Six accepted ED practices that are potentially harmful, costly, inefficient, or just don’t work
I’m always a bit tickled (yes, I said tickled) by the lofty discussions about evidenced-based medicine when much of what is done in medicine and many things we do in emergency medicine have little supporting evidence. It seems that our focus is the evolution of current management and diagnostic strategies and developing research strategies to prove or disprove our hypotheses. Although asking new questions and adding new literature to the world’s research database is critical to the evolution of medical practice, what is easier and more critical is questioning what we already do based on evidence that already exists. In other words, we might be asking the right question at the wrong time—or the wrong question altogether.
As much as we claim to be scientists and practice with evidence as our guide, much of the care that is delivered in emergency departments comes from folklore. We have all—present company included—practiced in ways we absolutely believed to be best practice only to find out later that we may have been wrong. Hey, you don’t know what you don’t know.
There is great value in learning from great educators. However, we can get lost in the “greatness” of our mentors. Many edicts in medical education were taught to those we trust today by those whom they trusted yesterday. Once a learned, respected colleague states a “fact” with confidence, it often becomes unchallenged evidence and is passed down from one generation to the next. Evidence of my lack of social life, I enjoy using the “hot-tub time machine,” revisiting the land of lost medical questions to see if today’s evidence still supports these previously “answered” questions. It is amazing what you can find when you look.

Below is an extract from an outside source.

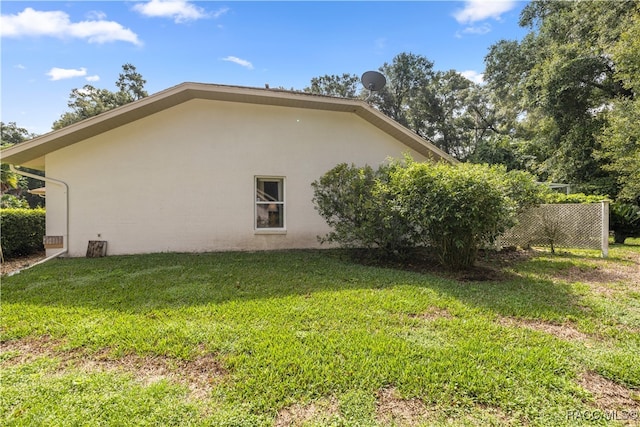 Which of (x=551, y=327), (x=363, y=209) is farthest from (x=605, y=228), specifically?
(x=363, y=209)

Ultimately, there is still great latitude to practice the art of medicine. However, my goal is to challenge many commonly accepted practices that are potentially harmful, are expensive, create operational inefficiency, or simply just don’t work.
Prasad et al. published a very interesting article in JAMA in January 2012.1 They reviewed 35 clinical trials published in 2009 that tested established practices. They found that 46 percent of them contradicted current practice. This is evidence that medical reversals are common. Below are six myths worth challenging.

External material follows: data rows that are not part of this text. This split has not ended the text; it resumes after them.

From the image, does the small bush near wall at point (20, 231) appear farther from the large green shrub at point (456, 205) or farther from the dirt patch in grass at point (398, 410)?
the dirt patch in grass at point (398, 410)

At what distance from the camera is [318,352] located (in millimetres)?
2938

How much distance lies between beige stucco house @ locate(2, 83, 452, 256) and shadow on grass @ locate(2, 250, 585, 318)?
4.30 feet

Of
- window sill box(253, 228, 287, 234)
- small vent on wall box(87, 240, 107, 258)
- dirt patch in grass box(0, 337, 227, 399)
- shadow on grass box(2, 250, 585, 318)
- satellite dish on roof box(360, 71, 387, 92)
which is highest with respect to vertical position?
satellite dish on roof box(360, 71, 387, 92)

Many edicts in medical education were taught to those we trust today by those whom they trusted yesterday. Once a learned, respected colleague states a “fact” with confidence, it often becomes unchallenged evidence.
1. Tramadol or Tramacrap?
I’m no marketing expert, but despite that the name “Tramacrap” or “Ultracrap” would describe this drug perfectly, I doubt we’ll see a name change any time soon. Medve et al. published an article 12 years ago that demonstrates this nicely.2 They assessed the efficacy of tramadol for the treatment of dental pain, and in the emergency department, this indication is perfectly matched with the drug. Many physicians look for that “tweener” drug that the patient is less familiar with, is not an opioid, and still provides reasonable analgesia. This study identified the following order of efficacy (at eight hours): ibuprofen 400mg, tramadol/APAP 75/650, APAP 650, tramadol 75, and placebo. Further, the onset of action was 17 minutes for tramadol/APAP, 18 minutes for APAP, 34 minutes for ibuprofen, 51 minutes for tramadol, and 66 minutes for placebo.2 Tramadol does not taste great, nor is it less filling.